1. Yes to both, though necromancy is explicitly a type of magic, while blood magic isn’t a formal thing – some spells just require blood, and others don’t. Players have to get these spells diegetically though – very few such spells can be gotten simply by leveling up.
Necromancy isn’t really seen as evil in most circles – the only reason necromancy doesn’t feature more heavily in the default spell list is so as to not accidentally handicap a player. A lot of necromantic spells require base materials that are not easy to get in all the campaigns I run. For instance, if a necromantic spell requires a lab and I’m running a borderlands campaign, you would not be able to cast it. If a spell requires a humanoid and I’m running a gauntlet of non-humanoid monsters, I would not want a player to pick that spell and then be disappointed. As such, necromancy is better as a diegetic element – in campaigns where it matters, the campaign world will provide it, not the core rules.
2. My basic answer is that “anything can happen, but these aren’t likely to”. You shouldn’t expect your limbs to be hacked off, you shouldn’t expect prosthetics, and there is no class that does this. I will comment that permanent maiming of player character bodies (such as limb loss or eye loss) at my table warrants a discussion with all players, and requires unanimous consent – not everybody is comfortable with this sort of thing.
3. Since I run the same setting, but at different time periods, the answer varies. The Dawn State is a biopunk setting, though, so peddling false treatments tends to be less effective than in other settings – though you are always free to try!
4. What is it with GLoG designers and vore? You get jail time, that’s what you get. What an Unexpected Twist. Go to vore jail.
In all seriousness, don’t just try to eat people unless you know every player is okay with it, and even then wait until you’ve gotten some indication that there’s a culturo-mechanical reason to do so. Randomly eating people (or asking about the same) is the sort of behavior that makes well-meaning, curious tabletop newbies spring in the other direction from the OSR.
5. I actually tried to search up other people’s answers to this to understand what you meant. It’s really open-ended. Since that didn’t help, though, I guess I’ll just list out what players have been surprised by in my games.
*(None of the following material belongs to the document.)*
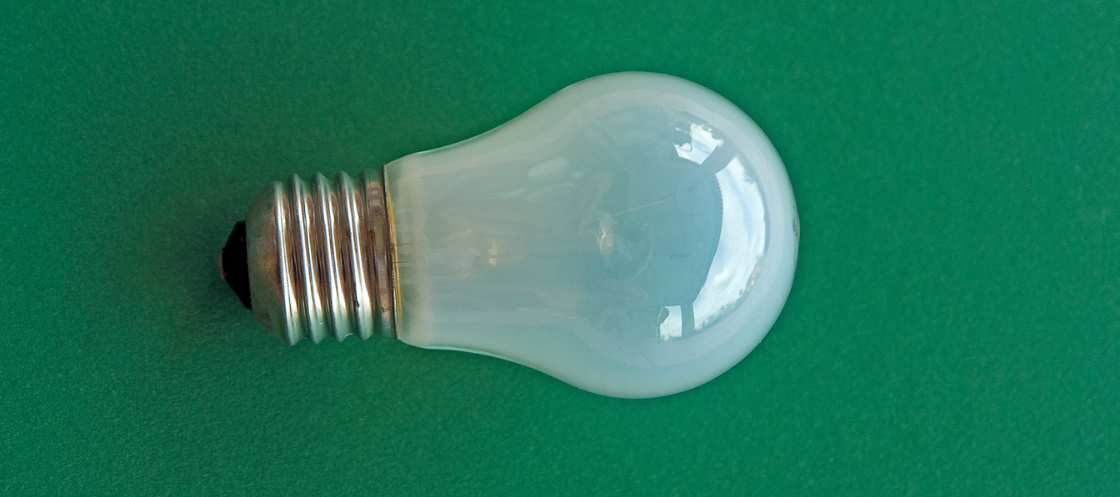 White bulb green background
- In my Heroes of Eldolan campaign, one of the players thought he had to use class abilities to solve problems. Some large, chinchilla-sized moths landed on him, and one of them crawled into his pockets and started to eat his spellbook. He promptly cast fireball on himself and then jumped into a river to reduce the damage. So, the moths were meant to be a sort of…pastoral, cuddly, worldbuilding sort of encounter. He would have been able to just say “I pluck them off before they get to eat any pages.” You can’t like, just do things like that and expect to survive – he nearly died.
- In my Heroes of Eldolan campaign, one player wanted to see an NPC from 10 sessions ago, and was surprised to learn that he couldn’t, because I didn’t remember that NPC at all. I do often have even random NPCs be recurring, but sometimes I don’t have notes or memory of a person. It happens.
- One thing you can do, though lots of my players think they can’t. In my At the Foot of the Colossus campaign, a player thought that since I’d prepared a dungeon, it would be unsporting to not go into the dungeon. This is complicated – it sort of depends on the campaign. But in most cases, if you don’t want to go into a dungeon, ask me before assuming that you have to.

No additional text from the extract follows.